[Start of section]

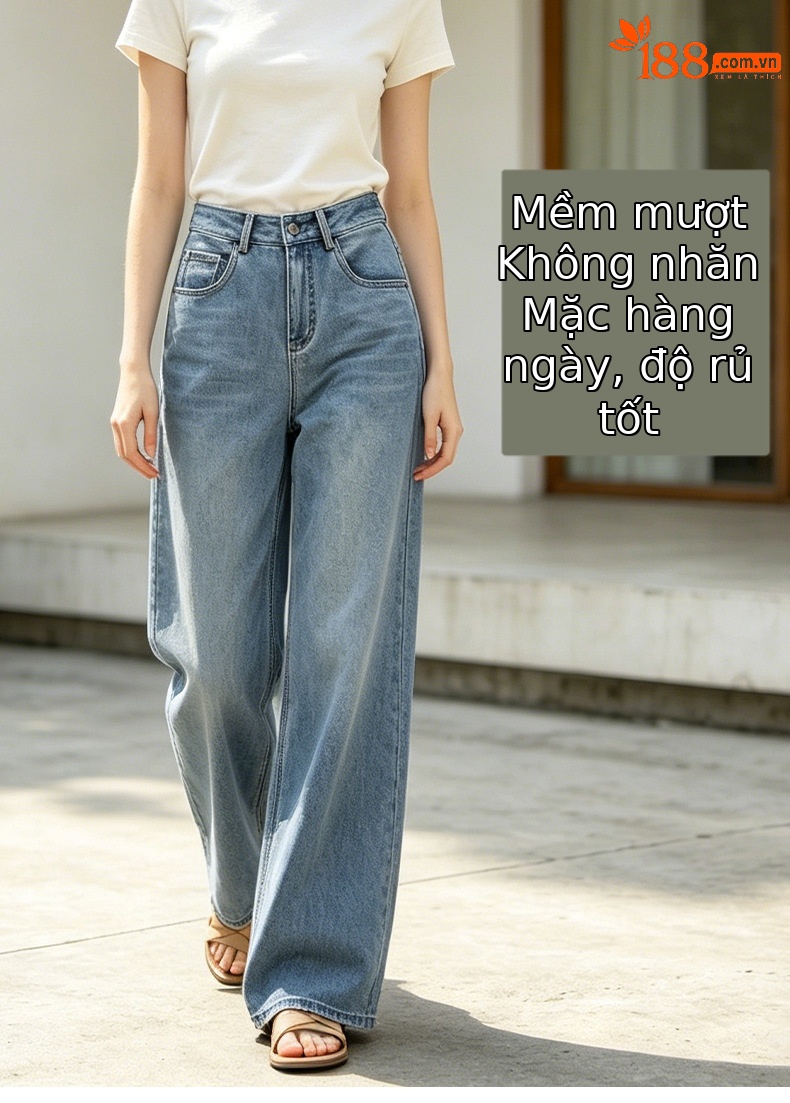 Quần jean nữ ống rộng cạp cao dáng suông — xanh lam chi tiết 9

[End of section]
[Start of section]

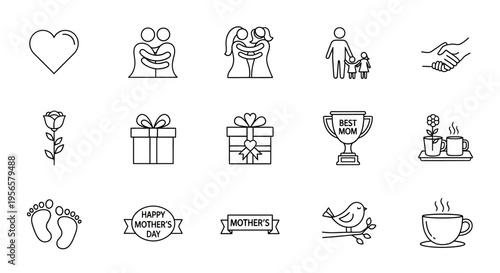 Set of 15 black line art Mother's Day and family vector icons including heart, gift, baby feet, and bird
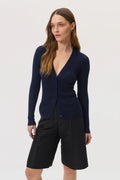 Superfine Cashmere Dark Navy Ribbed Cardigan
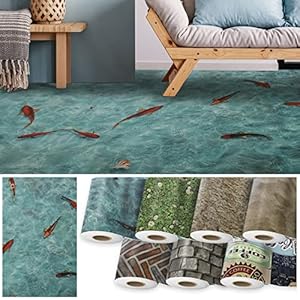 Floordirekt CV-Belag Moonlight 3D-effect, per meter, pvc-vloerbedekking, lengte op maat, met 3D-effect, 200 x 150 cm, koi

[End of section]

EXERCISE ▸
Within the listing above, write out the stretch from the line with "Superfine Cashmere Dark Navy Ribbed Cardigan" through the line with "Floordirekt CV-Belag Moonlight" exactly. Any pictures are to be left out.

COMPLETED TASK ▸
 Superfine Cashmere Dark Navy Ribbed Cardigan
 Floordirekt CV-Belag Moonlight 3D-effect, per meter, pvc-vloerbedekking, lengte op maat, met 3D-effect, 200 x 150 cm, koi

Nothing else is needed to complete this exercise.